PHP 4.0 has been out for a while now, and while it's a massive improvement over PHP 3, the object model is... let's say "minimalist." Objects are passed by value, not by reference, and there's no concept of private members or static class variables. However, if you want to build a serious enterprise application (maybe even the next Yahoo!), you need design patterns.

The Singleton Pattern

The biggest challenge in PHP 4 is maintaining a single instance of a class, like a database connection.
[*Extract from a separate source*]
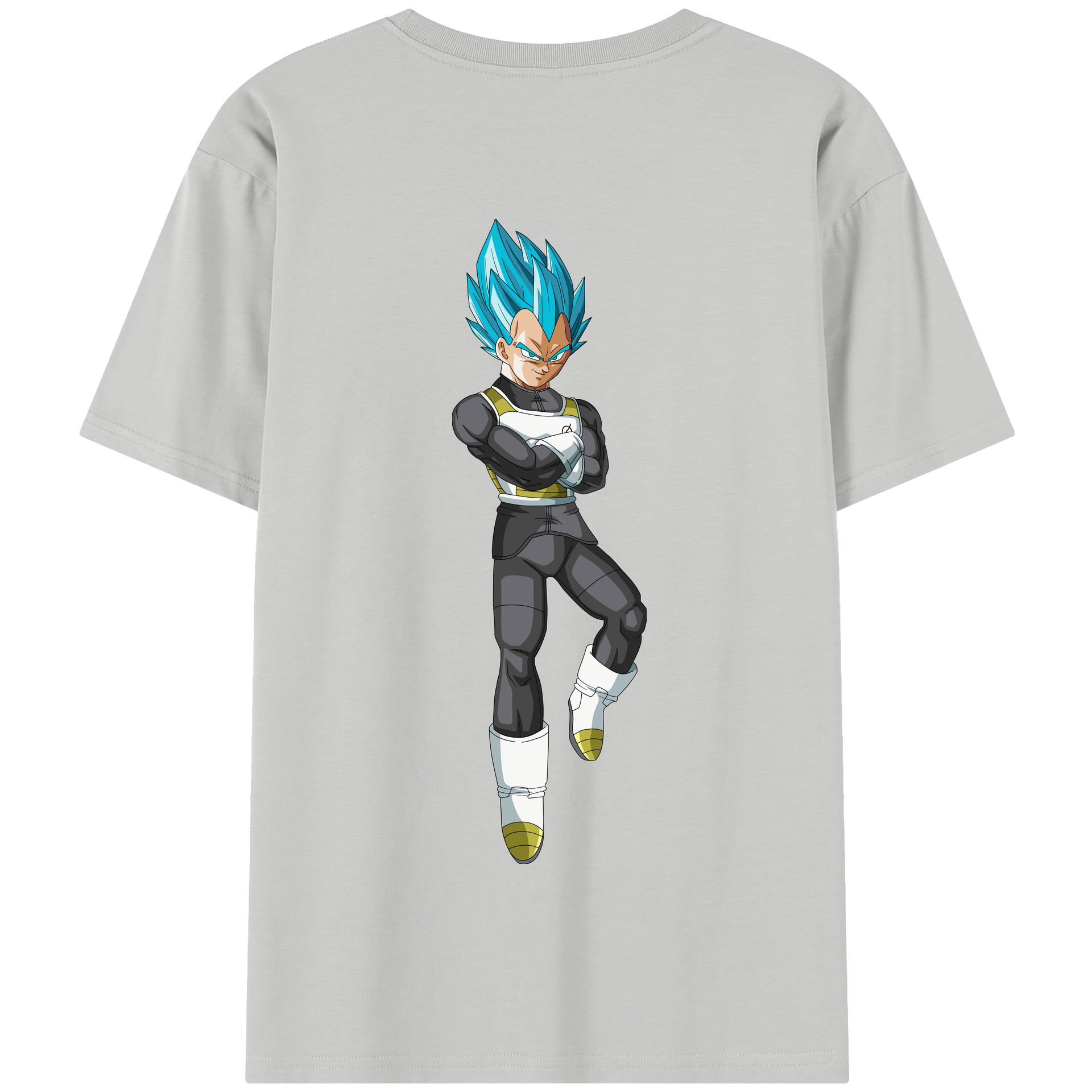 （画像用） ドラゴンボール ベジータ四世（Bejīta Yonsei）DRAGON BALL Vegeta IV 綿100％半袖Tシャツ（背面プリント）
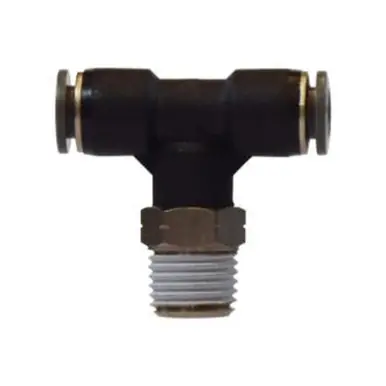 Midland Industries 20111C - Swivel Branch Tee, 1/2" Tube OD x 1/2" Male NPTF x 1/2" Tube OD,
Since we don't have static properties, we have to use a static variable inside a global function or a class method.

class Database {
    var $connection;

    function &getInstance() {
        static $instance;
        if (!isset($instance)) {
            $instance = new Database();
        }
        return $instance;
    }

    function connect() {
        $this->connection = mysql_connect("localhost", "user", "pass");
    }
}

// Usage:
$db =& Database::getInstance();

Crucial Note: Notice the & (ampersand). In PHP 4, if you forget the reference operator, PHP will create a copy of your object, and your Singleton will no longer be a Singleton.

The Factory Pattern

Decoupling your code is essential. Instead of hard-coding class names everywhere, use a Factory.

class ImageFactory {
    function &create($type) {
        switch ($type) {
            case 'jpeg':
                $obj = new JpegImage();
                return $obj;
            case 'gif':
                $obj = new GifImage();
                return $obj;
        }
    }
}

$factory = new ImageFactory();
$myImage =& $factory->create('jpeg');

The "Zend Engine" Reality

We have to accept that PHP 4 is essentially a procedural language with some "object-oriented" syntactic sugar. Every time you assign $a = $b, you're duplicating memory if they are objects. Always use =& for assignments if you want to work with the same instance. It's ugly, it's error-prone, but it's the only way to write scalable PHP in 2001.

Wait for PHP 5, they say it will have a completely rewritten object model. We'll see.